Di dunia yang penuh dengan destinasi wisata terkenal, beberapa tempat yang luar biasa masih tetap menjadi rahasia dan tidak dapat dijangkau oleh kebanyakan orang. Bagi mereka yang cukup berjiwa petualang untuk…
Pada tahun 1296, tindakan awal yang disengaja membentuk kembali wilayah utara Siam. Raja Mengrai, yang menyadari keuntungan strategis dan potensi simbolis, memindahkan pusat kekuasaannya dari Chiang Rai ke cekungan Sungai Ping yang subur, membangun jalan-jalan ortogonal di dalam tembok pertahanan yang kokoh. "Kota baru" ini, yang dalam bahasa sehari-hari disebut Chiang Mai, muncul bukan hanya sebagai penerus ibu kota lama, tetapi juga sebagai titik fokus ambisi Kerajaan Lanna. Sungai Ping, yang berkelok ke selatan untuk bergabung dengan Sungai Chao Phraya yang besar, menyediakan air yang menopang kehidupan dan memfasilitasi pengangkutan barang—beras, jati, keramik—ke dalam jaringan perdagangan Asia Tenggara Daratan yang lebih luas.
Nama kota itu, yang secara harfiah berarti "kota baru," merangkum baik sebuah pemutusan hubungan dengan masa lalu maupun janji pembaruan. Para arsitek dan pengrajin kerajaan—yang mengambil inspirasi dari tradisi Burma, Sri Lanka, dan penduduk asli Lanna—memperindah kota metropolitan yang baru lahir itu dengan kuil-kuil yang berhias, yang gemerlap dengan puncak-puncak emas dan dinaungi oleh hutan rimbun.
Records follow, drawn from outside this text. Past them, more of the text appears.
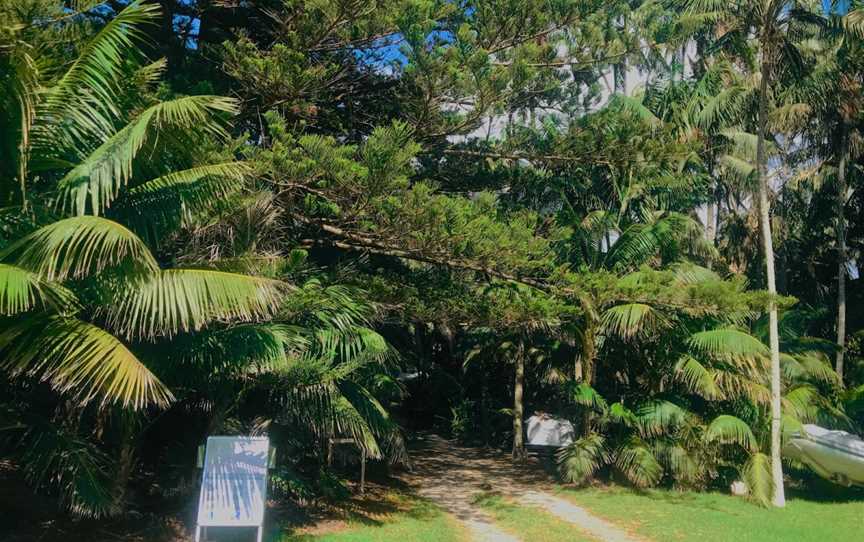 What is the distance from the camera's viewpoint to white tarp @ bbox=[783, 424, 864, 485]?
36.6 ft

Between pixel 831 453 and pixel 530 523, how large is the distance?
5.86 metres

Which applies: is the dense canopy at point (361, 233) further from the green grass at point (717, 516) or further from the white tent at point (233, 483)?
the white tent at point (233, 483)

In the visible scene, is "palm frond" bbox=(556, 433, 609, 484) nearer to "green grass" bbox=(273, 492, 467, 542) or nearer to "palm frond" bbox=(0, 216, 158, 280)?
"green grass" bbox=(273, 492, 467, 542)

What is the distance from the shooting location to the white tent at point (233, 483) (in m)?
7.00

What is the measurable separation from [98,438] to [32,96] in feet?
13.8

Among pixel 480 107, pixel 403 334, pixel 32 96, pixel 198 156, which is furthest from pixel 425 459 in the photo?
pixel 32 96

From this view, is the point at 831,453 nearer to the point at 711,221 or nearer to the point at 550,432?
the point at 550,432

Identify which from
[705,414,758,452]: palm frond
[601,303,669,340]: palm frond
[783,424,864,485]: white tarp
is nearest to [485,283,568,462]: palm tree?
[601,303,669,340]: palm frond

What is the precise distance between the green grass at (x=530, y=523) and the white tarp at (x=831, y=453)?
16.8ft

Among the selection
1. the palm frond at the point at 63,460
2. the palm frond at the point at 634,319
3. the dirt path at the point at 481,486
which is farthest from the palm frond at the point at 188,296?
the palm frond at the point at 634,319

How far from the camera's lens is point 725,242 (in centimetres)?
2573

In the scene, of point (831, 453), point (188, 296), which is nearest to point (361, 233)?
point (188, 296)

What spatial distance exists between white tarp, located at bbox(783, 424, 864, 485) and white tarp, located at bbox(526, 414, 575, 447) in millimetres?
4662

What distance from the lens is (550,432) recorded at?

Selama berabad-abad berikutnya, para raja yang berkuasa akan memperluas dan memperindah Chiang Mai, namun jaringan inti, yang dibatasi oleh parit dan benteng, akan bertahan, sebagai bukti ketepatan para pendiri aslinya.
Chiang Mai menempati lembah sungai di dataran tinggi Thailand, sebuah cekungan lebar yang dibentuk oleh pertemuan pegunungan dan dataran rendah. Pada ketinggian rata-rata 300 meter di atas permukaan laut, kawasan pusat kota menjulang lembut dari kedua tepi Sungai Ping. Di sebelah barat, Pegunungan Thanon Thong Chai menjulang, titik tertingginya di Doi Suthep, meruncing dari 1.676 meter ke kaki bukit berhutan. Di sini, kabut berkumpul saat fajar, dan dari sudut pandang seperti itu orang dapat melihat sekilas kota kuno yang terus berubah.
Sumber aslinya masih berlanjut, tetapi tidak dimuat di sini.